» **Task data**
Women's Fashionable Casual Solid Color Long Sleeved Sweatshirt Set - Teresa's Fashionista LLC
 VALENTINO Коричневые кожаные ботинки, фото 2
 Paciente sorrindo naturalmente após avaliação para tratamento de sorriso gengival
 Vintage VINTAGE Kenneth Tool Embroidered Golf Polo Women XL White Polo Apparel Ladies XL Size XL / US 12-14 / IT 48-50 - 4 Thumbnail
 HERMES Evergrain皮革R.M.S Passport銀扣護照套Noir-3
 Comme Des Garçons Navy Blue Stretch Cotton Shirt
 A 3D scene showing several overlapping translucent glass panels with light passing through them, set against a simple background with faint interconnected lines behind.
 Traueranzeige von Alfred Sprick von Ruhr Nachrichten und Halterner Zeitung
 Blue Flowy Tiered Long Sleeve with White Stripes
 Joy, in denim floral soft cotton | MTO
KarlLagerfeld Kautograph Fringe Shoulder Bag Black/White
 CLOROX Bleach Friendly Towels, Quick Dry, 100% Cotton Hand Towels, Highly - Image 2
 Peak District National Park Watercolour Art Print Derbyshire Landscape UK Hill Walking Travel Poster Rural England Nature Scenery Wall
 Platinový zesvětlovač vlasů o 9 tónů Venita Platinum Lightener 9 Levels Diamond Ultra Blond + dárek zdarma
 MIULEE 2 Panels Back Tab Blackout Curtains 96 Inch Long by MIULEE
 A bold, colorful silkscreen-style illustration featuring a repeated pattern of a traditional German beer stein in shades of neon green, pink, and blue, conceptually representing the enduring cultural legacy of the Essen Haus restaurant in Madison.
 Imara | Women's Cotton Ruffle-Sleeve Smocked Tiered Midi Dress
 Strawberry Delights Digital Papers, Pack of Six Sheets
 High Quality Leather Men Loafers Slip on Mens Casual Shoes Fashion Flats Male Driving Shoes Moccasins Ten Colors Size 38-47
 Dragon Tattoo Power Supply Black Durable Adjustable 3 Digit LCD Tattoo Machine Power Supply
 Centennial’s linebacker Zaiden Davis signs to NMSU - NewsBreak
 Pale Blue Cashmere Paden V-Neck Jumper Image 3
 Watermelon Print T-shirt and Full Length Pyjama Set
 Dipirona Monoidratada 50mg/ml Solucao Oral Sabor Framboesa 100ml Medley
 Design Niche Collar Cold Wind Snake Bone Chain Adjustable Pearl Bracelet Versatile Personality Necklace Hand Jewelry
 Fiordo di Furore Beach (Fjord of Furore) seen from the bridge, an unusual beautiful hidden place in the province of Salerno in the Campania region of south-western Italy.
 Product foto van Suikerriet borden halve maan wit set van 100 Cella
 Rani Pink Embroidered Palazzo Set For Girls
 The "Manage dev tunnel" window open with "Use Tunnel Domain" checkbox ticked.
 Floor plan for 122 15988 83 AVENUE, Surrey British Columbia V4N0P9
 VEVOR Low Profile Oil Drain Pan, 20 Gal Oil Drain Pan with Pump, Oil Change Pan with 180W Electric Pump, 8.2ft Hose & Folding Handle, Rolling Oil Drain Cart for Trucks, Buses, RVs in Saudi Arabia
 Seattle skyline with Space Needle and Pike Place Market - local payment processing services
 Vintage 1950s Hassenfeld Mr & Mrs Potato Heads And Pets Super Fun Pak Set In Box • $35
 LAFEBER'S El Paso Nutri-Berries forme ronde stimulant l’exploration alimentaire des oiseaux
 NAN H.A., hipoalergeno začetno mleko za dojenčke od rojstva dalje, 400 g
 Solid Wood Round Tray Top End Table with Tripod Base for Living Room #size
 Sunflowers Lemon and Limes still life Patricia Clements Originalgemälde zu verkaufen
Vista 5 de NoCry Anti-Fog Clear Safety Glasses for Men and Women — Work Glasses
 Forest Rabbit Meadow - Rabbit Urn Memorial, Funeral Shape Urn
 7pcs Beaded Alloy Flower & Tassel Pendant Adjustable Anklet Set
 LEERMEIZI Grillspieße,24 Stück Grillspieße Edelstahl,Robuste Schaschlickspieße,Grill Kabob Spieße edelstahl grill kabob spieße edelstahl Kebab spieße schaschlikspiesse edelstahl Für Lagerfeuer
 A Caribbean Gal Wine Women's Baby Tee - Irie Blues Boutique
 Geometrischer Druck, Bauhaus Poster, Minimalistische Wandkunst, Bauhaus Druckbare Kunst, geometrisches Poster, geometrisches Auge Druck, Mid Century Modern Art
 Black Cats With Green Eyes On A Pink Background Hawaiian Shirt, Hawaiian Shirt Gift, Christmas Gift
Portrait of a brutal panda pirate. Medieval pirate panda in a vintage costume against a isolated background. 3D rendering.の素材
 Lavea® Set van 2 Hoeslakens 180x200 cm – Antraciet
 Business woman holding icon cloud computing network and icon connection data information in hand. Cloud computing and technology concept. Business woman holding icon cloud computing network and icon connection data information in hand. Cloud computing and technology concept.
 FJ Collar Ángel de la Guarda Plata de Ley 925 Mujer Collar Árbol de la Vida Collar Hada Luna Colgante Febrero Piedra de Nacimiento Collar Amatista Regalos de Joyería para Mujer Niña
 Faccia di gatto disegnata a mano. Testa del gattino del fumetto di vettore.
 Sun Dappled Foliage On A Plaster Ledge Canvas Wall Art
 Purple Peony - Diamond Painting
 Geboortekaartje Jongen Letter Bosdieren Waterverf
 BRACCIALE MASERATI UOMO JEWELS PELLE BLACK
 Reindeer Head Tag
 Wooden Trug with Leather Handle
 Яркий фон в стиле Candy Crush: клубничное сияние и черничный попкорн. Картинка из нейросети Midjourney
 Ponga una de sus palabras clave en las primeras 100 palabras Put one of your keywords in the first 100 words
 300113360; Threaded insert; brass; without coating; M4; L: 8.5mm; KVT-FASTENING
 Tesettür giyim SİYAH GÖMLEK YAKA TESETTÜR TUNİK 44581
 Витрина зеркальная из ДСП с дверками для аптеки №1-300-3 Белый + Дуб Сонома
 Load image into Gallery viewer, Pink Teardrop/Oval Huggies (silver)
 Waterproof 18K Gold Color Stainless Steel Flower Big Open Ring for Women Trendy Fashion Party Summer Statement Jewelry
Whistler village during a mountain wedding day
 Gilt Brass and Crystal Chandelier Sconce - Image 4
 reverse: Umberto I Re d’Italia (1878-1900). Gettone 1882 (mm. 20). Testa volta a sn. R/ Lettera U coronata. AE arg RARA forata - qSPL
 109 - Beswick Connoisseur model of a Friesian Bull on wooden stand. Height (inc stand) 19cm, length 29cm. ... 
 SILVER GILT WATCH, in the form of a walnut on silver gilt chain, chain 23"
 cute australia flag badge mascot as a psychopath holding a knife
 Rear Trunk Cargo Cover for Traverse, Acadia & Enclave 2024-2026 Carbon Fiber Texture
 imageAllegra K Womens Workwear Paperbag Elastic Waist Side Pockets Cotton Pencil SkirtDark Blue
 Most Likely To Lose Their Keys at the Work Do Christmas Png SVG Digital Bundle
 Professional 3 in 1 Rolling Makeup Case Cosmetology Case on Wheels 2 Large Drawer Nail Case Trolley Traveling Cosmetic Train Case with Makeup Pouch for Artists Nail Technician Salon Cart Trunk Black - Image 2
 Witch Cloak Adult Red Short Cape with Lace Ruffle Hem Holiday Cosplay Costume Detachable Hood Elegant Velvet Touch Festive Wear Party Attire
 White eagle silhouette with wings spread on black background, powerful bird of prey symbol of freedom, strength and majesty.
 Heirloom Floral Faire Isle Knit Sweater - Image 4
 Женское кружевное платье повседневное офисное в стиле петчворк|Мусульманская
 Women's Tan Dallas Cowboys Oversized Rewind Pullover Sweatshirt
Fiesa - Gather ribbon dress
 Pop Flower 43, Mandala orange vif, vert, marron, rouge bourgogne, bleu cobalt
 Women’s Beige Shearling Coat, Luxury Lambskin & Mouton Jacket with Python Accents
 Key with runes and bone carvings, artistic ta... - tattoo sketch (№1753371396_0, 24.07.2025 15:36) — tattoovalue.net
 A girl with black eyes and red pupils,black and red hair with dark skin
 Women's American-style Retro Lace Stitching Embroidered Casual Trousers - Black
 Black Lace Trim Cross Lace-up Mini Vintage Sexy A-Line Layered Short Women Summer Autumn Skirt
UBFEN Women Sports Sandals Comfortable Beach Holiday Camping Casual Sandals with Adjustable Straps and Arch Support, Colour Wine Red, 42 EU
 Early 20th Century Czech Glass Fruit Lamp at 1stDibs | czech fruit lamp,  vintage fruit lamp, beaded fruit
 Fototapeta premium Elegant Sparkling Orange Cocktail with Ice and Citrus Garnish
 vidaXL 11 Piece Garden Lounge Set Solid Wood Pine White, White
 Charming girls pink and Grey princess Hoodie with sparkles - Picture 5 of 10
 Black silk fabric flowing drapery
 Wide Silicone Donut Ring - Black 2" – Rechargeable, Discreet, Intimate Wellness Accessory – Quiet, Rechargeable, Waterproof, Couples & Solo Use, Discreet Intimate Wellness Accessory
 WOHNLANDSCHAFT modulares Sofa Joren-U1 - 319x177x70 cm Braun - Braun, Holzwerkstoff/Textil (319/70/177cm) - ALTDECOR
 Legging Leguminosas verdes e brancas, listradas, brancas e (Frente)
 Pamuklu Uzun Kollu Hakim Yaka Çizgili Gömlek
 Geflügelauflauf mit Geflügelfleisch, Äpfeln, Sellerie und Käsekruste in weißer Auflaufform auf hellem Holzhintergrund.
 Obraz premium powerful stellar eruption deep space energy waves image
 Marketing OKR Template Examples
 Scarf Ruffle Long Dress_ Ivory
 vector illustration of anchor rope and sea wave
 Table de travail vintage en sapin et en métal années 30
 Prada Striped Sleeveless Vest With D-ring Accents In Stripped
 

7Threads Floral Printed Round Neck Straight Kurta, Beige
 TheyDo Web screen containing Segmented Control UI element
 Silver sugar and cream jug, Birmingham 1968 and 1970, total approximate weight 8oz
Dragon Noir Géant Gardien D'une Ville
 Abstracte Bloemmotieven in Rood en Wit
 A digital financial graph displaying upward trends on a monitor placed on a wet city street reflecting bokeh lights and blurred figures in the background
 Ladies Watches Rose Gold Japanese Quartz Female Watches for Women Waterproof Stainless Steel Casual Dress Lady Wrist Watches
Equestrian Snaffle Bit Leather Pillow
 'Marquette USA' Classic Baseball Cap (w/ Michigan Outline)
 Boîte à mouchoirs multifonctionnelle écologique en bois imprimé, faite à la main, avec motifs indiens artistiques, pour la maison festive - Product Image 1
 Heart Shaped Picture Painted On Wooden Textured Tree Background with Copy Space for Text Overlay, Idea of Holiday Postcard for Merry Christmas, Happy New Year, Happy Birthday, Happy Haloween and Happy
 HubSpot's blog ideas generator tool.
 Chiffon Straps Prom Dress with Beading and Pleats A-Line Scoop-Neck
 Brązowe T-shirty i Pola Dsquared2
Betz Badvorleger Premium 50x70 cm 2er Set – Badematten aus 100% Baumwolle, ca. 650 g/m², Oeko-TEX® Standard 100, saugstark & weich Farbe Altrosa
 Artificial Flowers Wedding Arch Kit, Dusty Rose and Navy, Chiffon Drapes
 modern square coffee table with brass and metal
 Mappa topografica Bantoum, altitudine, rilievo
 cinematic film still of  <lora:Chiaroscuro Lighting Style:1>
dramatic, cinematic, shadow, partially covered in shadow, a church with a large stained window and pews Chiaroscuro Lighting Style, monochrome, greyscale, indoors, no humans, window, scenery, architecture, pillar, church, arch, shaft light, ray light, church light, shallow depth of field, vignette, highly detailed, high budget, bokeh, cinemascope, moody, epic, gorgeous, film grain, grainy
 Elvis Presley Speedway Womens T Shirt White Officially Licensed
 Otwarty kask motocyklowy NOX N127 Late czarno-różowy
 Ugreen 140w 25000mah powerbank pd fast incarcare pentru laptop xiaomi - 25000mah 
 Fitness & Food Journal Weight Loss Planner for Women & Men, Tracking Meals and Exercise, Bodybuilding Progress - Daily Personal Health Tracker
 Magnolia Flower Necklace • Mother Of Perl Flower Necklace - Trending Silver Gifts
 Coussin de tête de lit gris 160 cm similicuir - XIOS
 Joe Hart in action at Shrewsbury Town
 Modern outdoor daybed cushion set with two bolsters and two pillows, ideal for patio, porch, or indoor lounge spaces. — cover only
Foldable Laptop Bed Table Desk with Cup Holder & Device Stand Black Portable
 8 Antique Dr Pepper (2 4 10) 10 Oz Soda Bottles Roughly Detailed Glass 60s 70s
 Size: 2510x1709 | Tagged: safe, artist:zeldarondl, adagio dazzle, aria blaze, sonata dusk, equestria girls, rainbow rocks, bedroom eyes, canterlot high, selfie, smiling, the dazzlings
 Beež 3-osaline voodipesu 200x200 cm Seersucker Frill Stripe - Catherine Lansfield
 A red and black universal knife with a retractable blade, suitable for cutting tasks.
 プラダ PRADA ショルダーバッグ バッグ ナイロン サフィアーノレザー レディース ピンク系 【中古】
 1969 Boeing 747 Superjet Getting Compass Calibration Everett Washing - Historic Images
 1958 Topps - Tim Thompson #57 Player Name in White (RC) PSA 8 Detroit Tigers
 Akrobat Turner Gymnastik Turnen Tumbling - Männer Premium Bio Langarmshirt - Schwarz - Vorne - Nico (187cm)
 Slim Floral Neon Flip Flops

» **Exercise prompt**
Going down the listing above, begin printing at the line with "109 - Beswick" and finish with the line with "imageAllegra K Womens", exactly as they appear.

» **Problem solution**
 109 - Beswick Connoisseur model of a Friesian Bull on wooden stand. Height (inc stand) 19cm, length 29cm. ... 
 SILVER GILT WATCH, in the form of a walnut on silver gilt chain, chain 23"
 cute australia flag badge mascot as a psychopath holding a knife
 Rear Trunk Cargo Cover for Traverse, Acadia & Enclave 2024-2026 Carbon Fiber Texture
 imageAllegra K Womens Workwear Paperbag Elastic Waist Side Pockets Cotton Pencil SkirtDark Blue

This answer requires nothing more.